@Ronaldo: I just noticed the extension to your e-mail address, it's a
small world. I remember your company in the "YouPlusPlus" days.
I think I have a better idea of what you're looking to do :)
> Agree, but I keep thinking if something like:
> - disable slave_ok
> - recover the files on a slave for example, so not a huge deal that is
affecting that member.
> - make that the primary
> - make the rest of the replica members re-sync that one database only.
> - enable slave_ok
I actually like this plan, it was my original thought. The only
difficulty I could find was step #2. I would just be worried that
"recovering" the files could cause that machine to simply be hammered.
If you have three shards, at least you get to spread the writes out.
But if you're trying to write in lots of data manually, you're
probably going to max out the disk I/O on those three boxes.
I'm mostly just worried about co-ordination in that case. You
definitely have a lot of potential spots where something could go
sideways.
If you're looking for "roll-back" functionality, I'm seeing a couple
of other options. (not official 10gen responses, just my best guesses)
Option #1: --slavedelay
---------
If you're worried about having a roll-back window, you can simply put
a --slavedelay on one of the servers.
Here's an article detailing exactly that (Kenny Gorman from
Shutterfly):
http://www.kennygorman.com/wordpress/?p=699
In some ways, this reduces capacity (if you're using this to write),
but it also provides you an emergency buffer.

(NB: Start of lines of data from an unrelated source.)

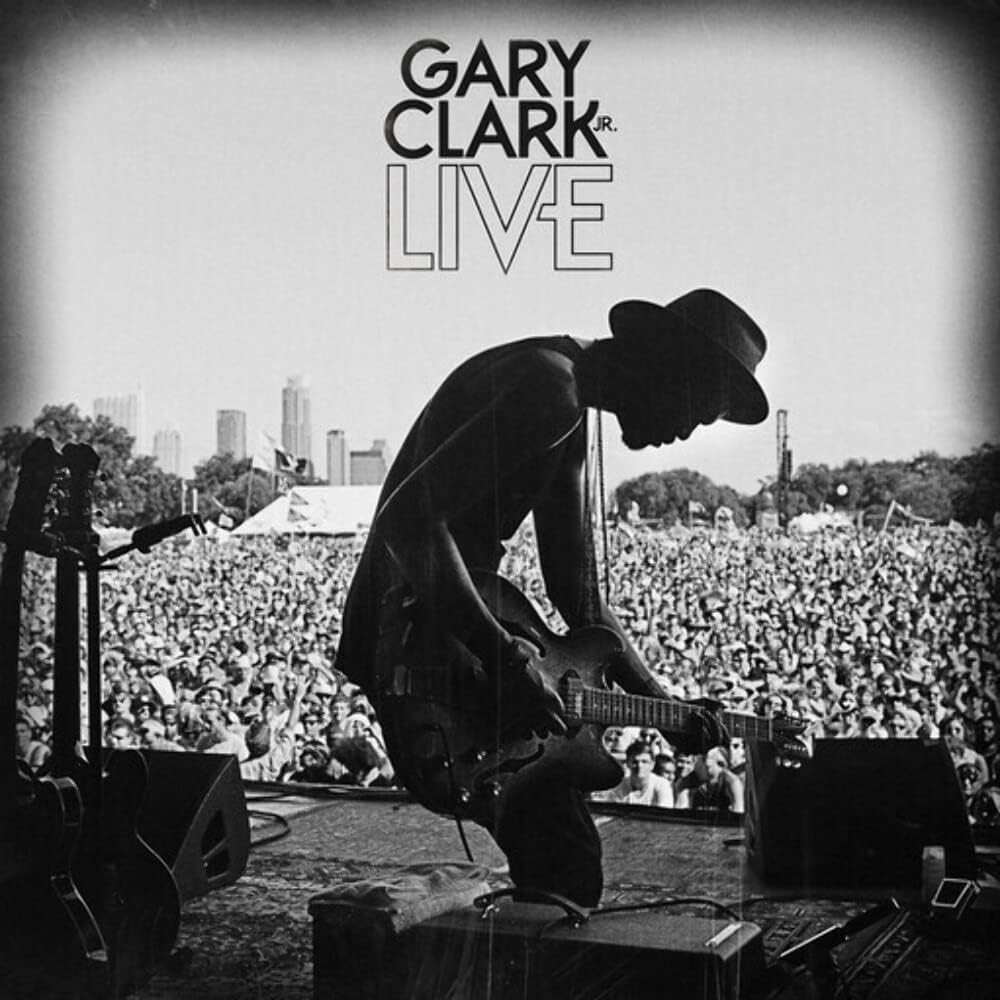 2LP - Gary Clark Jr. - Live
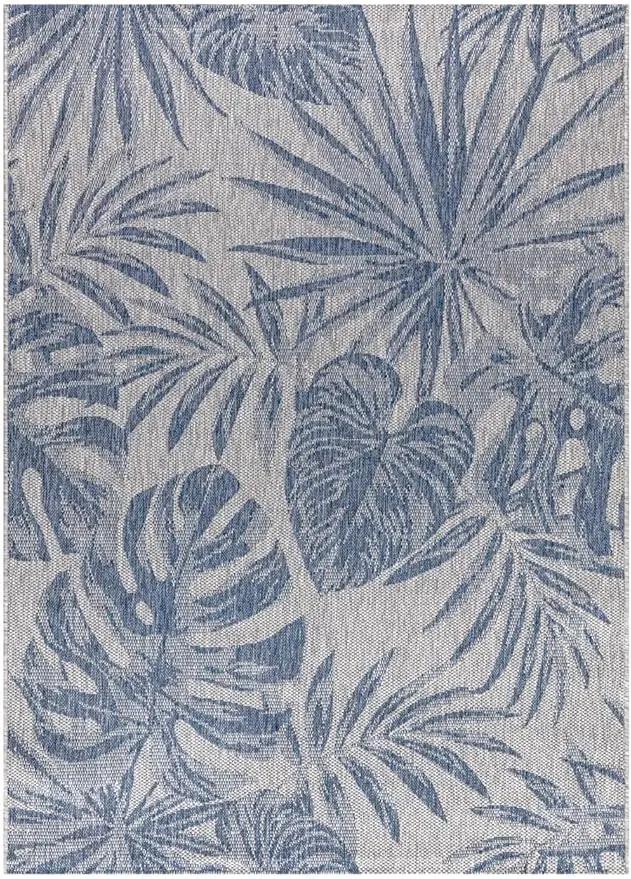 Keen Home Design Terrace Outdoor Area Rug - 9x12 Washable Indoor/Outdoor Rug for Patio, Kitchen, Balcony, Beach, Garden, Deck and Porch, Size: 8'10"x12' by GreenHaven Gardens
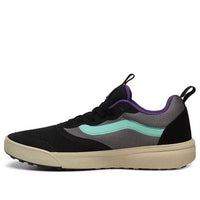 Vans 2-Tone Ultrarange Rapidweld Shoes Black/Green VN0A3MVUXV7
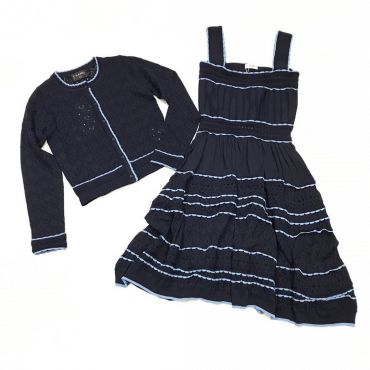 Костюм женский Chanel LUX-15738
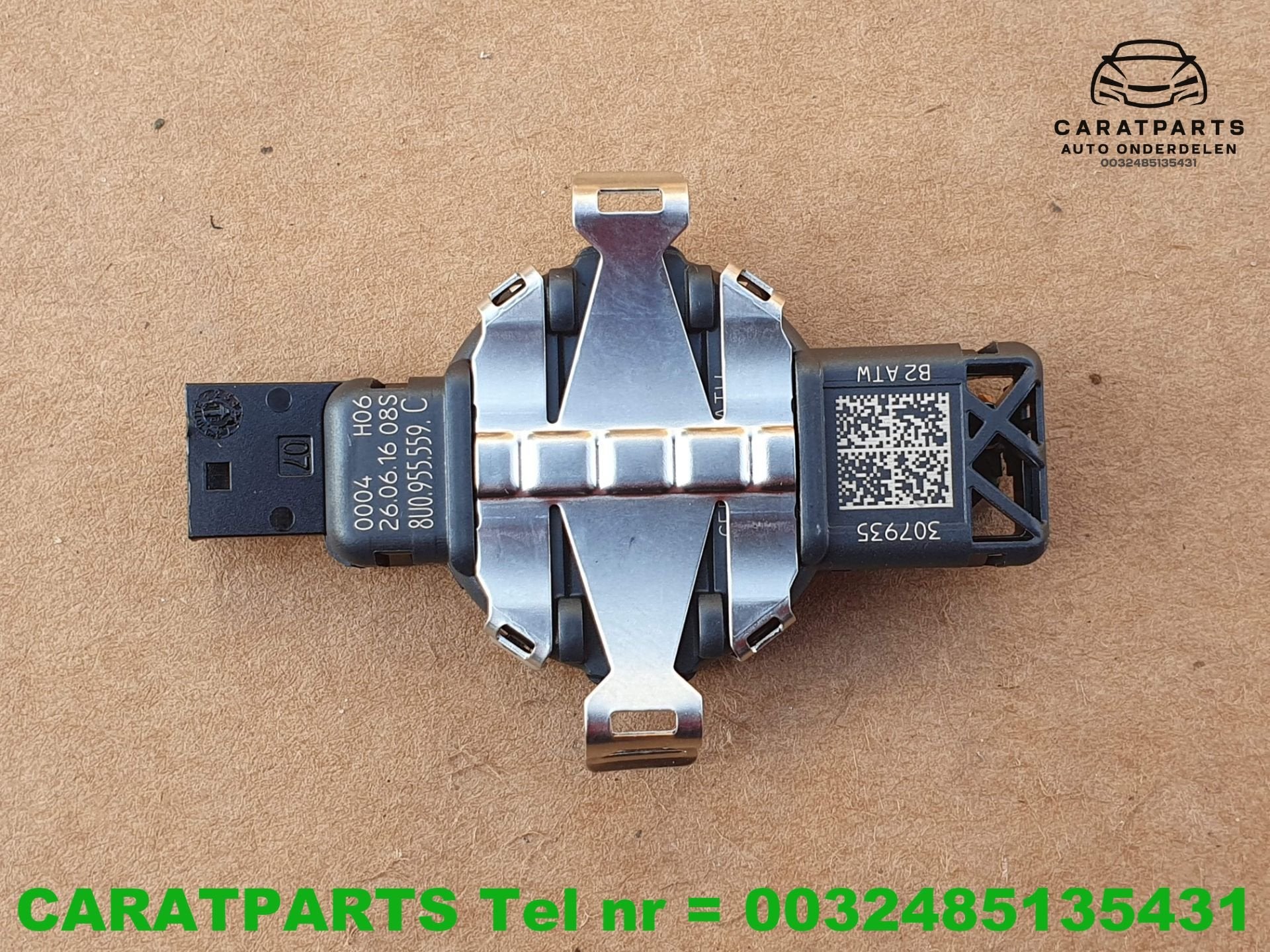 8U0955559 regen sensor Audi regensensor Volkswagen Seat, Gebruikt, AUDI AG, Auto-Union-Strasse 1
85045  Ingolstadt, DE, Audi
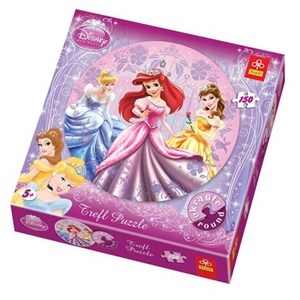 Trefl (39048) - "Disney Princess" - 150 pièces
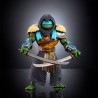 MOTU x TMNT: Turtles of Grayskull figurine Stealth Armor Leonardo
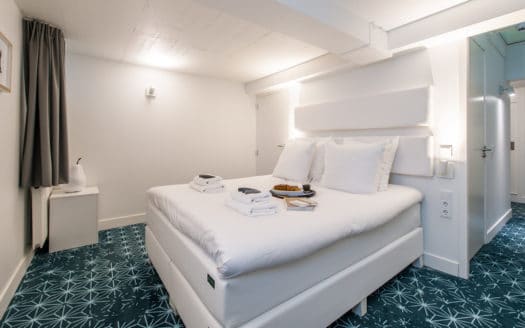 Family Two Bedroom Canal Apartment – Building I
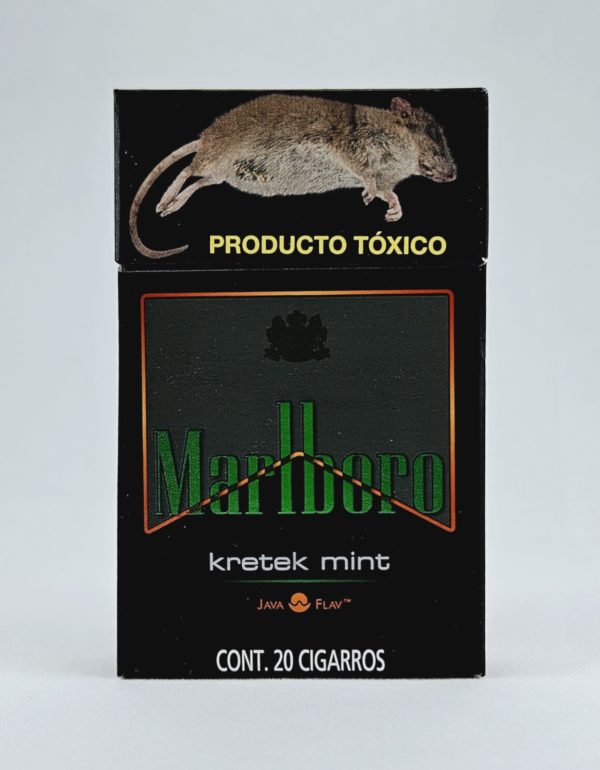 Marlboro Kretek Mint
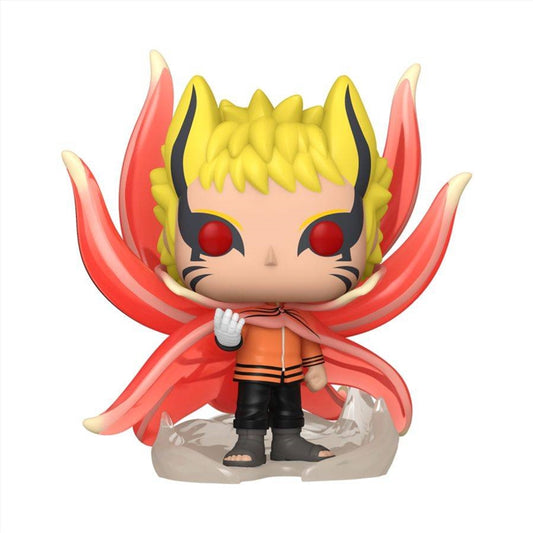 Boruto - Naruto Baryon Mode 6" Pop! Vinyl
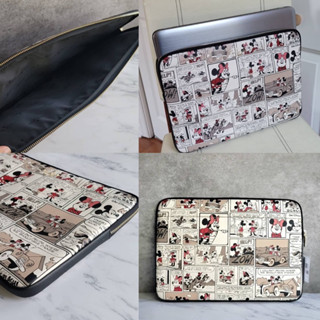 🎀 (สด-ผ่อน) K9412 Minnie Laptop Sleeve Kate Spade New York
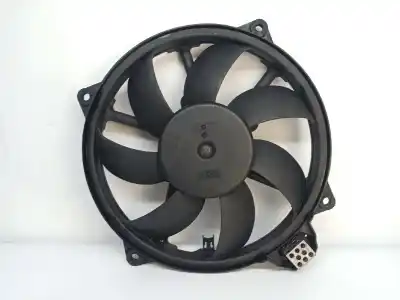 Second-hand car spare part radiator cooling fan for renault scenic iii authentique oem iam references 214810898r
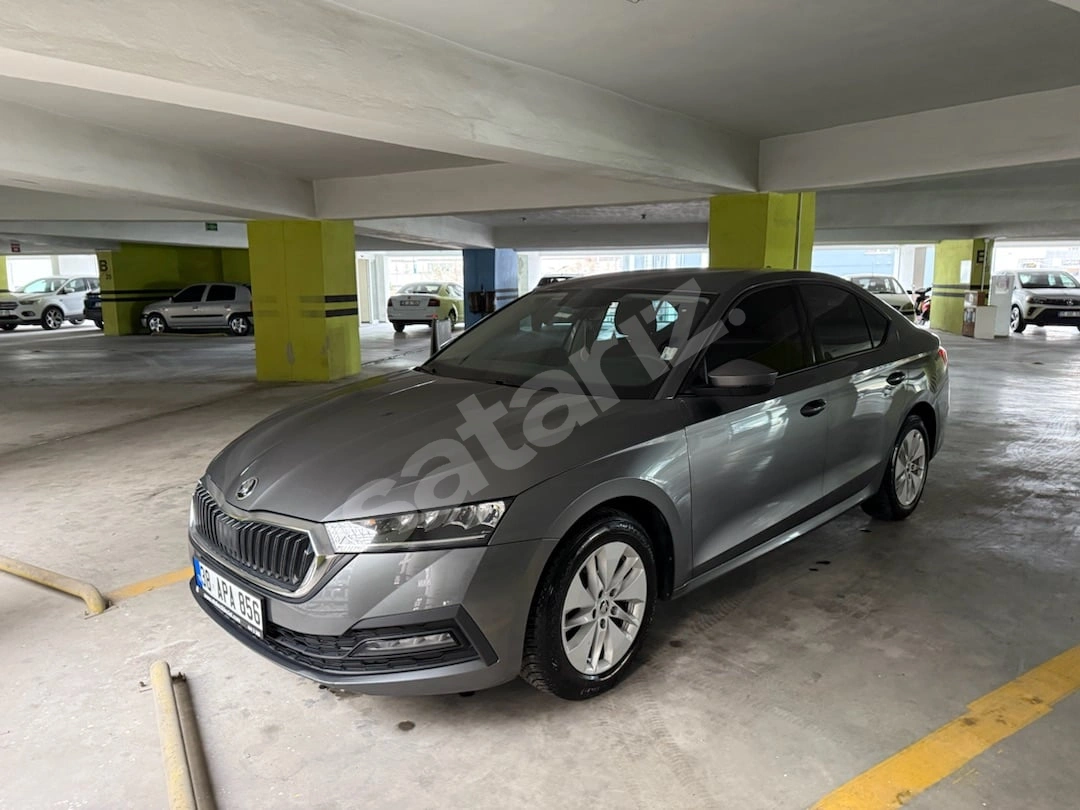 Škoda Octavia 1.0 51.500 Km Tramersiz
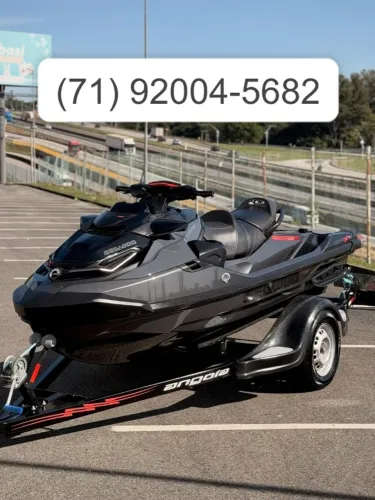 Jet-ski SEA-DOO 300 2022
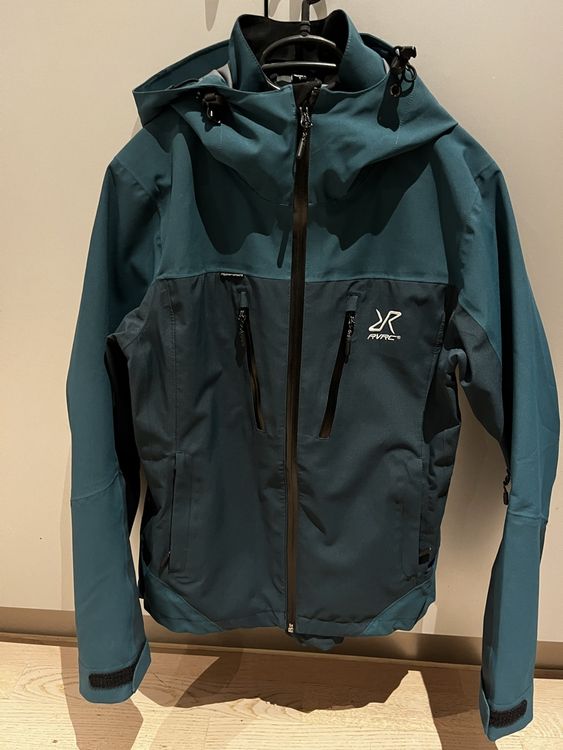 RVRC Cyclone 3L Shell RevolutionRace Silence Proshell 3L Jacket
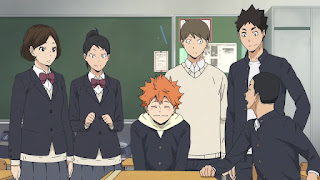 ハイキュー!! アニメ 3期10話 日向翔陽 | HAIKYU!! Season3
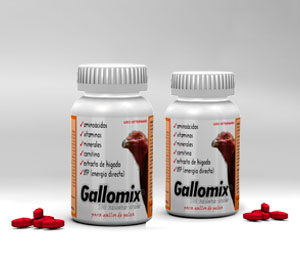 Gallomix® / Gallomax 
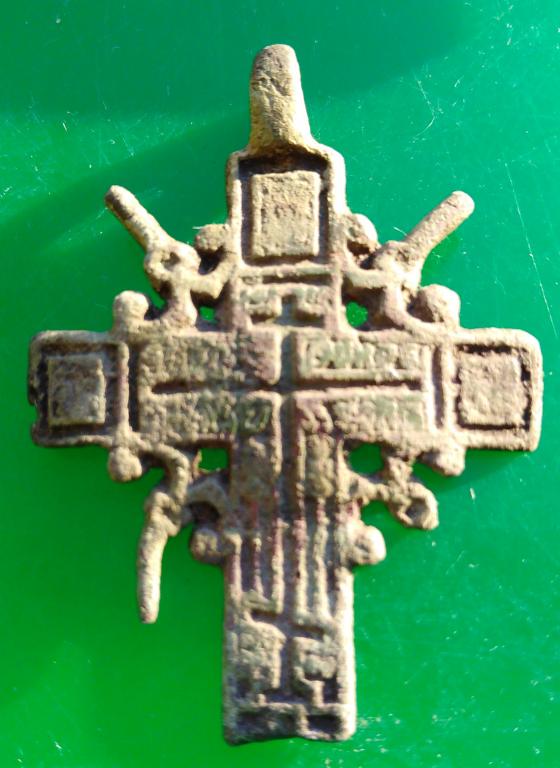 Крест штурвал разновидности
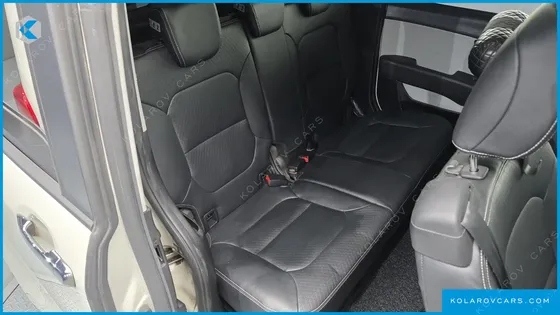 KIA RAY PRESTIGE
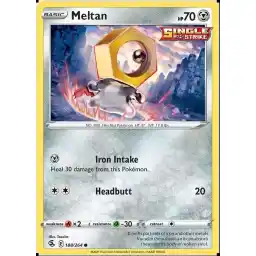 Fusion Strike - 188/264 - Meltan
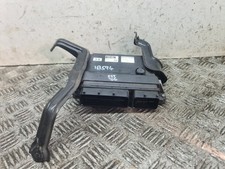 Toyota Estima engine control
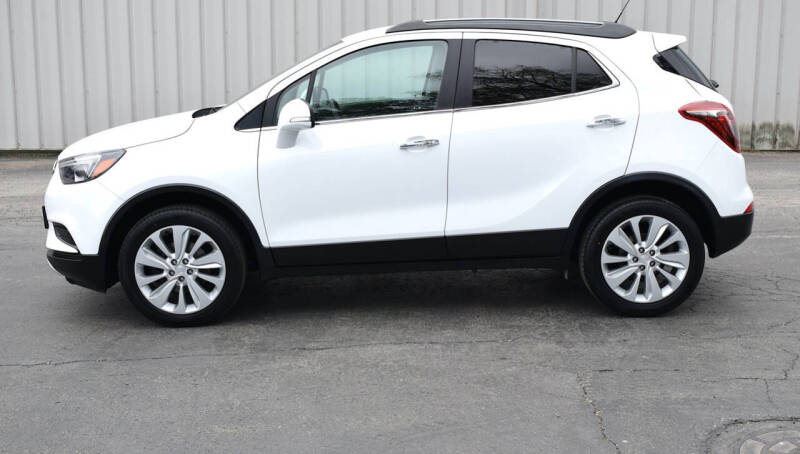 2017 Buick Encore Preferred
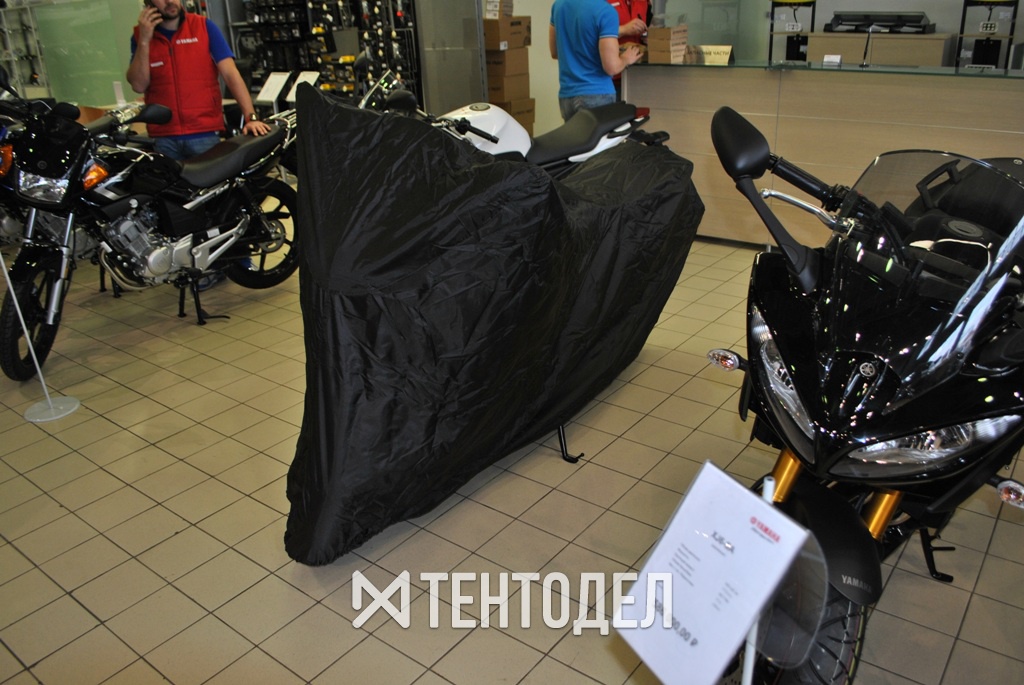 Чехол для мотоцикла ТентоДел Yamaha 8-серия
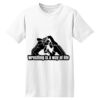 ComfortSoft® Heavyweight 100% Cotton T Shirt Thumbnail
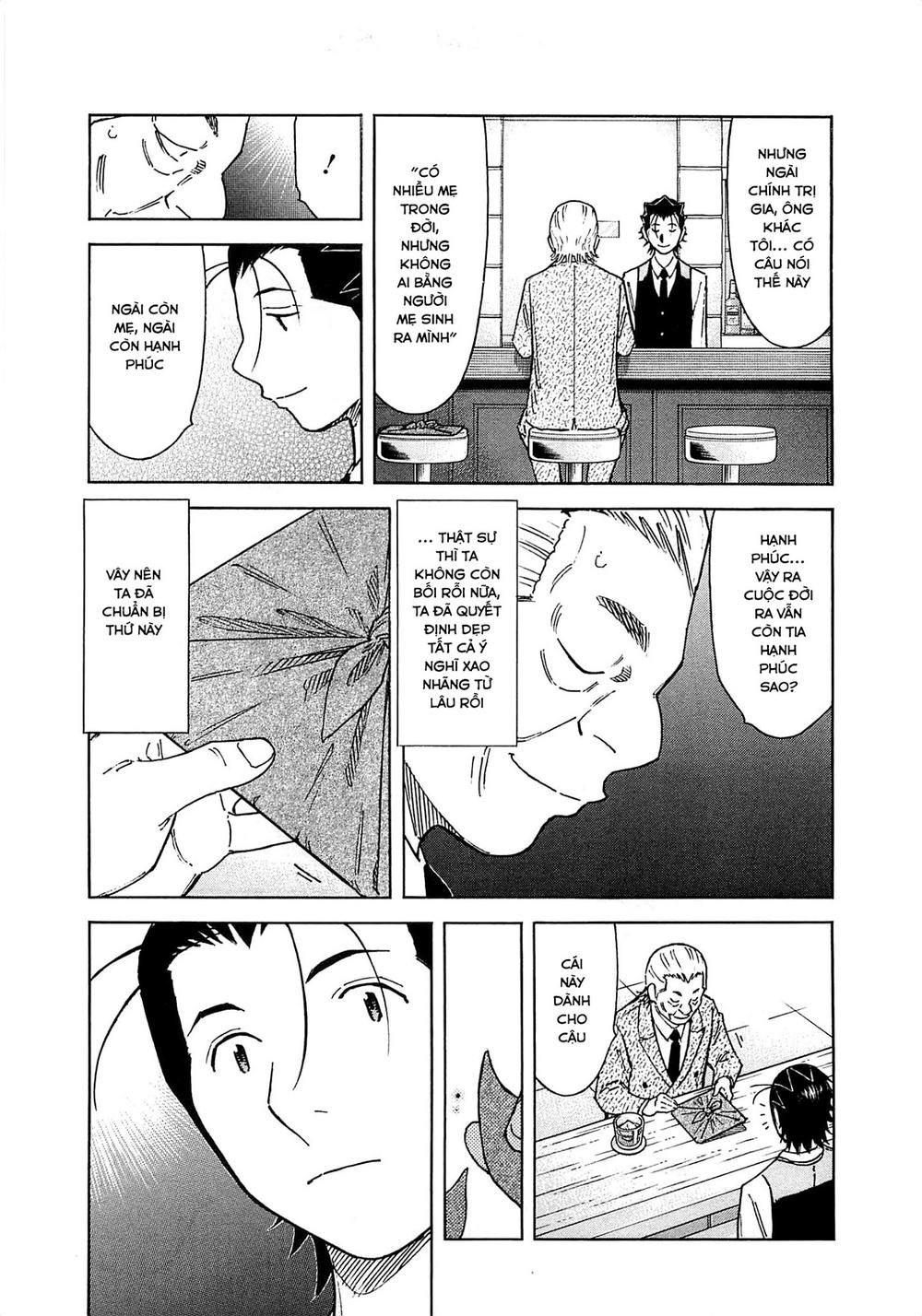 Bartender - Người Pha Chế Rượu - Chương 164 - Trang 18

This solution is nice because you don't actually lose the data on all
nodes. In theory this means that you don't have to wait for a giant
copy operation.
In theory, you can also minimize data loss by replaying the opLog up
to the point of failure.
Option #2: drop / re-import for small sets
----------
Obviously, this depends on the size of the DB and your available
throughput.
But if you have a small DB, the lowest down-time may simply be a full
restore. If the DB is only a couple of Gigs, this is probably much
quicker than playing around trying to get the data back in. It's low
complexity and it works within the current system.
This is probably best for the "non-transactional" data. Stuff that
gets entered once and then changed rarely.
Config DB:
----------
The only big caveat I have with any of these methods is fixing the
config DBs. If you use option #1 or your idea, you'll need to ensure
that the config DB is somehow still correct.
Right now, I don't know of an easy, automated way to do this. I
suspect that it involves some manual juggling. (selective restore from
backup)